- **Prompt**
Write out the listing below exactly, and omit any images you find in it.

- **Supplied data**

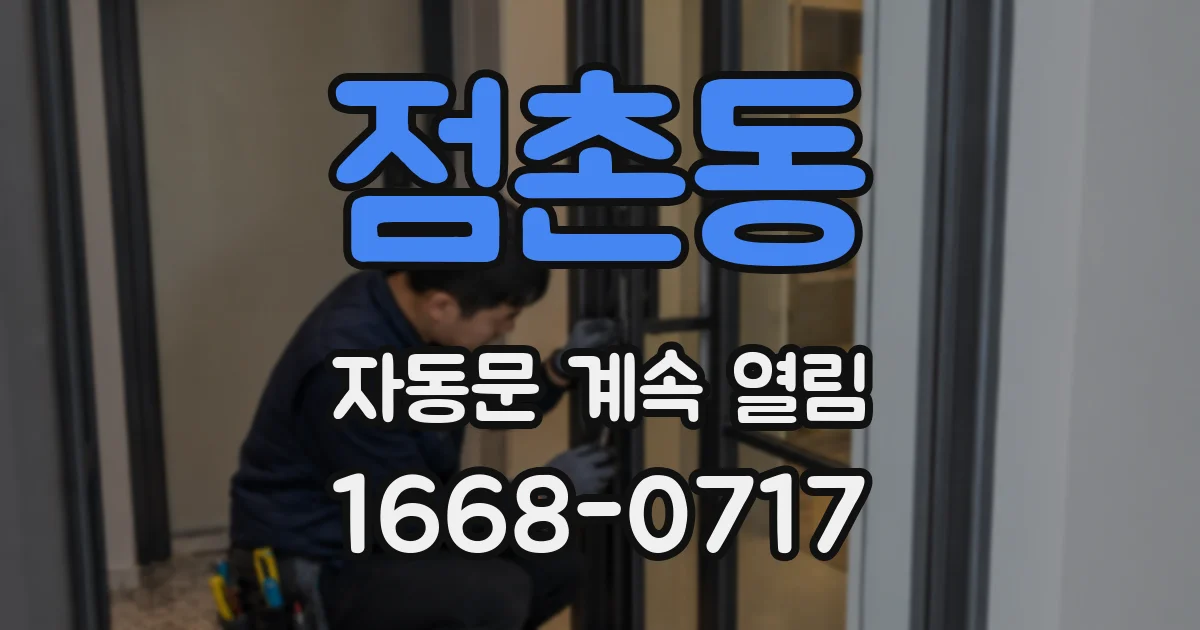 점촌동 자동문 계속 열림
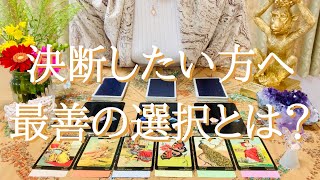 タロット占い🔮決断したい貴方へ。最善の選択とは？この動画に出会った時が見るタイミング‼️🌟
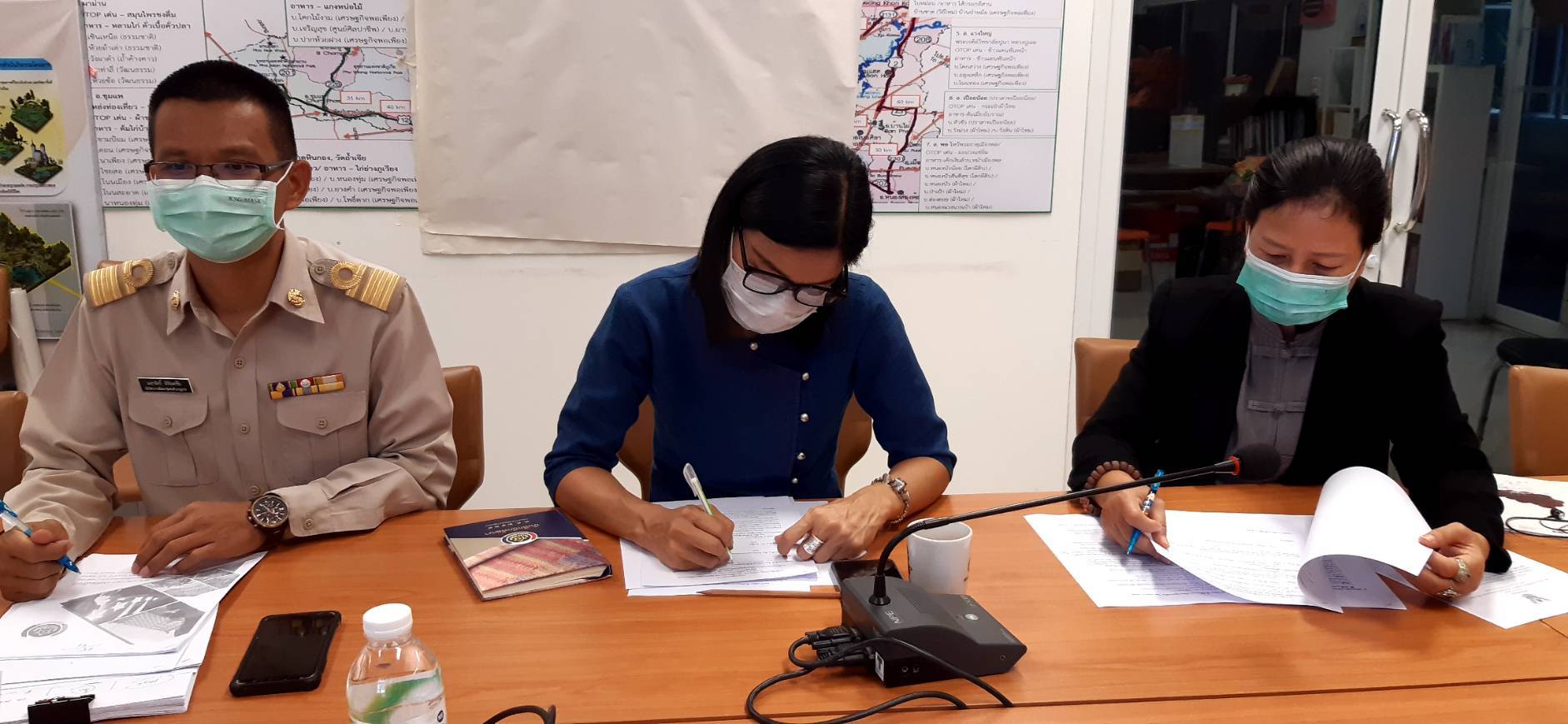 พช.ขอนแก่น : ประชุมคณะทำงานการคัดเลือกหน่วยงานต้นแบบการขับเคลื่อนนโยบายสำคัญของกรมการพัฒนาชุมชน ประจำปี พ.ศ. 2564 (CDD Policy Award 2021)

- **Worked solution**
 점촌동 자동문 계속 열림
 タロット占い🔮決断したい貴方へ。最善の選択とは？この動画に出会った時が見るタイミング‼️🌟
 พช.ขอนแก่น : ประชุมคณะทำงานการคัดเลือกหน่วยงานต้นแบบการขับเคลื่อนนโยบายสำคัญของกรมการพัฒนาชุมชน ประจำปี พ.ศ. 2564 (CDD Policy Award 2021)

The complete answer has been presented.